Au niveau européen et international :
• Lier les relations UE-Israël à des conditions claires de respect du droit international, de fin des colonies et du respect des droits humains, imposant des coûts politiques et économiques à Israël.
• Soutenir la création d’un groupe parlementaire européen pro-Palestine intégrant députés progressistes, de gauche et verts, pour faire pression dans les parlements nationaux et européen.
• Renforcer le rôle juridique européen dans la responsabilité internationale par le soutien aux causes palestiniennes devant la Cour pénale internationale et la Cour internationale de justice.

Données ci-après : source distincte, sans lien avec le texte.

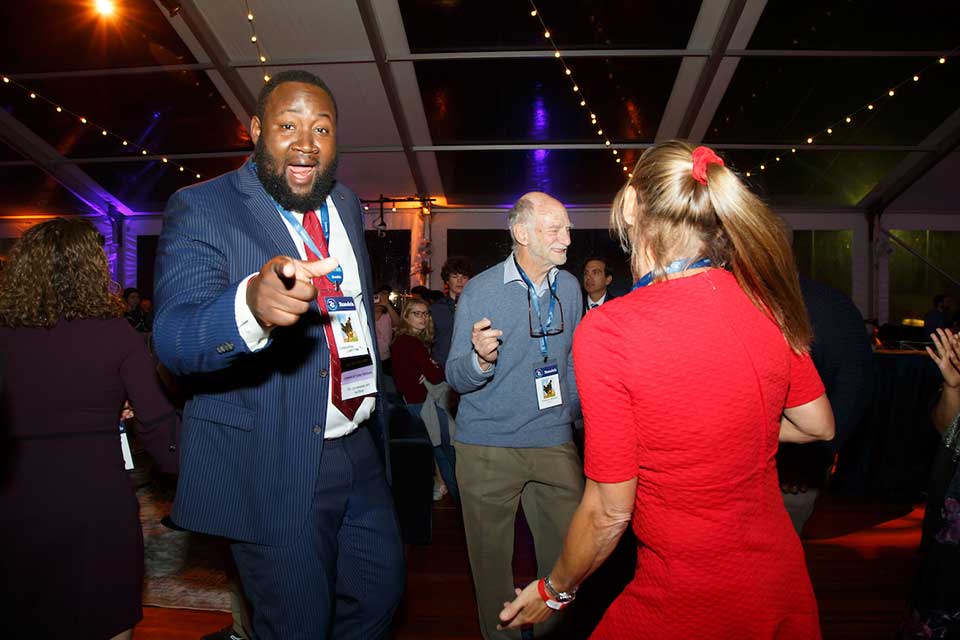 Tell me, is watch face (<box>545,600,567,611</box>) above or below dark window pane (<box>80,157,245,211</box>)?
below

• S’assurer que la reconnaissance de la Palestine soit juridiquement contraignante et non seulement symbolique, promouvant des reconnaissances formelles à l’ONU et des changements dans les postures juridiques européennes sur l’occupation et les colonies.
Conclusion
Les récents changements dans les positions européennes à l’égard d’Israël représentent une opportunité historique qu’il ne faut pas gaspiller. Cependant, ces transformations ne sont ni complètes ni garanties, mais restent soumises à des calculs internes et à des pressions externes complexes.
Mettre fin à la guerre à Gaza est une exigence urgente, mais la véritable bataille commence après le conflit : celle de consolider les droits palestiniens, de mettre fin à l’occupation et d’établir un État palestinien indépendant sur les frontières du 4 juin 1967.
La question reste ouverte : l’Europe parviendra-t-elle à se libérer de son long héritage de complicité avec l’occupation, ou se contentera-t-elle de gérer temporairement la colère populaire sans changement réel dans ses politiques ?
L’Europe se trouve à un carrefour décisif : soit elle se libère de l’héritage de la complicité et du silence, en traduisant ses discours sur les droits humains et la justice en actions concrètes ; soit elle se contente d’absorber la colère de la rue pour reproduire de vieilles formules d’hypocrisie politique et relancer le projet de la solution à deux États.
Du côté palestinien, l’opportunité est réelle mais non éternelle : soit un chemin politique sérieux vers la libération est construit sur ce tournant européen, soit cet élan sera perdu en attendant les initiatives des autres, sans plan ni action efficace.